━━━ RAW DATA ━━━

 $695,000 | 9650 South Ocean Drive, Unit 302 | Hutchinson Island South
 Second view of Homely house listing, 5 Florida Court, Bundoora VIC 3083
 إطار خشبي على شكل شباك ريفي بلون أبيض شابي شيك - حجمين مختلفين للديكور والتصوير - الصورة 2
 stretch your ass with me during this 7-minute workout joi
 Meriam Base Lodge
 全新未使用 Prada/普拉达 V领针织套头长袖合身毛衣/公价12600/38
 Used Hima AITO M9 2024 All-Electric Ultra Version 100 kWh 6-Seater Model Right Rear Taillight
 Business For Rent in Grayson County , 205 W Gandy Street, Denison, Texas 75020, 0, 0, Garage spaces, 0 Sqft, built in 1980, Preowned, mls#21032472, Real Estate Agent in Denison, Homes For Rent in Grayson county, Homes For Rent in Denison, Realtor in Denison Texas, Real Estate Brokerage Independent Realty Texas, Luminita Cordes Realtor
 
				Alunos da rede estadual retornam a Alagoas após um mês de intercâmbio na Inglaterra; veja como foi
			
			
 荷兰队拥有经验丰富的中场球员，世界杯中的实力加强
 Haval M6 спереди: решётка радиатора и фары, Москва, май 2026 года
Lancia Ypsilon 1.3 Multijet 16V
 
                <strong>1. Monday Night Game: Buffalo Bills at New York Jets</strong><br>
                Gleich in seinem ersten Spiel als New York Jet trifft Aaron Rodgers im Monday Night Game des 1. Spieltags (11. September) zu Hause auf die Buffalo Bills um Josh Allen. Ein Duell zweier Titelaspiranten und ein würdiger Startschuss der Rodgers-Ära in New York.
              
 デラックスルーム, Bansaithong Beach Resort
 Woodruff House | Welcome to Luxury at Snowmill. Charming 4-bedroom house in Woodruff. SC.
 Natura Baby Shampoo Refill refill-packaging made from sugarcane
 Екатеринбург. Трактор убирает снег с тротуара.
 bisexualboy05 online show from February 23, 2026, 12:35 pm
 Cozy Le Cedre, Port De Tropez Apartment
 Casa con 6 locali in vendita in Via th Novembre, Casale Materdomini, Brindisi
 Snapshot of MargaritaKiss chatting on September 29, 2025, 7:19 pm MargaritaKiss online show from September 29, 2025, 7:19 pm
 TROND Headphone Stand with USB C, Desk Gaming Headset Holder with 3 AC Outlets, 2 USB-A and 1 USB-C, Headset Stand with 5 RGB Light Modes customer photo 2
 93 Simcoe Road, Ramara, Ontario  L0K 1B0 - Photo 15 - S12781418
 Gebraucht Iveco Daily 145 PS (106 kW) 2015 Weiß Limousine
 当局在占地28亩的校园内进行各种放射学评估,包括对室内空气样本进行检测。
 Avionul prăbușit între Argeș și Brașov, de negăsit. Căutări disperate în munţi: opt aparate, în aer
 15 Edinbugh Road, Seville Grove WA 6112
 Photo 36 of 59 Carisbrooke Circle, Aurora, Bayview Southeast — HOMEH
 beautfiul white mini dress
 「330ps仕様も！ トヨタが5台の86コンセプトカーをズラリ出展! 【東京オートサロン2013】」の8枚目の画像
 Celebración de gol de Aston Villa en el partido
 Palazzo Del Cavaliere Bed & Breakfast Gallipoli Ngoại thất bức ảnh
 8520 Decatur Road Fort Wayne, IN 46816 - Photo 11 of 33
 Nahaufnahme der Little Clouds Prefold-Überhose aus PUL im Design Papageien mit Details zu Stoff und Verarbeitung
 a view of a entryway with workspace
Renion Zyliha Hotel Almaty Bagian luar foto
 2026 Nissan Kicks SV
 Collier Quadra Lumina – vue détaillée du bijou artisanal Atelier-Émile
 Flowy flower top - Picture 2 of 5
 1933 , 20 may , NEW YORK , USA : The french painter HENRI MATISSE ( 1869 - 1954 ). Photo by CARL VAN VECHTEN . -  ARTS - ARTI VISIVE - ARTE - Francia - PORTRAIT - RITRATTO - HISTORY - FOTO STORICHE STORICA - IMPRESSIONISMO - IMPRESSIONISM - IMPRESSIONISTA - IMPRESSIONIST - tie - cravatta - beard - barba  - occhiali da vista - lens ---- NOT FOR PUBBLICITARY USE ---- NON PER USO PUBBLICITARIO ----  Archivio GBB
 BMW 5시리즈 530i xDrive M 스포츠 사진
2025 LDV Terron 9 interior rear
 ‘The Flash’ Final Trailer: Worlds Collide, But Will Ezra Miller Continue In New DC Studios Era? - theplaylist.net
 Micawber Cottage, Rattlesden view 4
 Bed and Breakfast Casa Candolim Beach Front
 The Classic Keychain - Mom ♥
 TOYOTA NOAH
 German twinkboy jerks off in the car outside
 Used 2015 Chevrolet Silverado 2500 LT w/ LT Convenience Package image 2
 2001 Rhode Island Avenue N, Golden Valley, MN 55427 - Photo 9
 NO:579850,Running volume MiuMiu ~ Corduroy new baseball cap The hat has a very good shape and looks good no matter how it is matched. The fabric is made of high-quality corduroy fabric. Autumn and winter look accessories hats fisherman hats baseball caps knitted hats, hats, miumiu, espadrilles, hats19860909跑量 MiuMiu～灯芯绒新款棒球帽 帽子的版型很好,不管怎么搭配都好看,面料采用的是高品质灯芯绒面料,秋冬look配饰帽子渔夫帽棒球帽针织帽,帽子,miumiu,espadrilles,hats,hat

━━━

*TASK STATEMENT*
Which lines should be output? Exactly those from the first line of the data through the line containing "Meriam Base Lodge", inclusive.

*TASK ANSWER*
 $695,000 | 9650 South Ocean Drive, Unit 302 | Hutchinson Island South
 Second view of Homely house listing, 5 Florida Court, Bundoora VIC 3083
 إطار خشبي على شكل شباك ريفي بلون أبيض شابي شيك - حجمين مختلفين للديكور والتصوير - الصورة 2
 stretch your ass with me during this 7-minute workout joi
 Meriam Base Lodge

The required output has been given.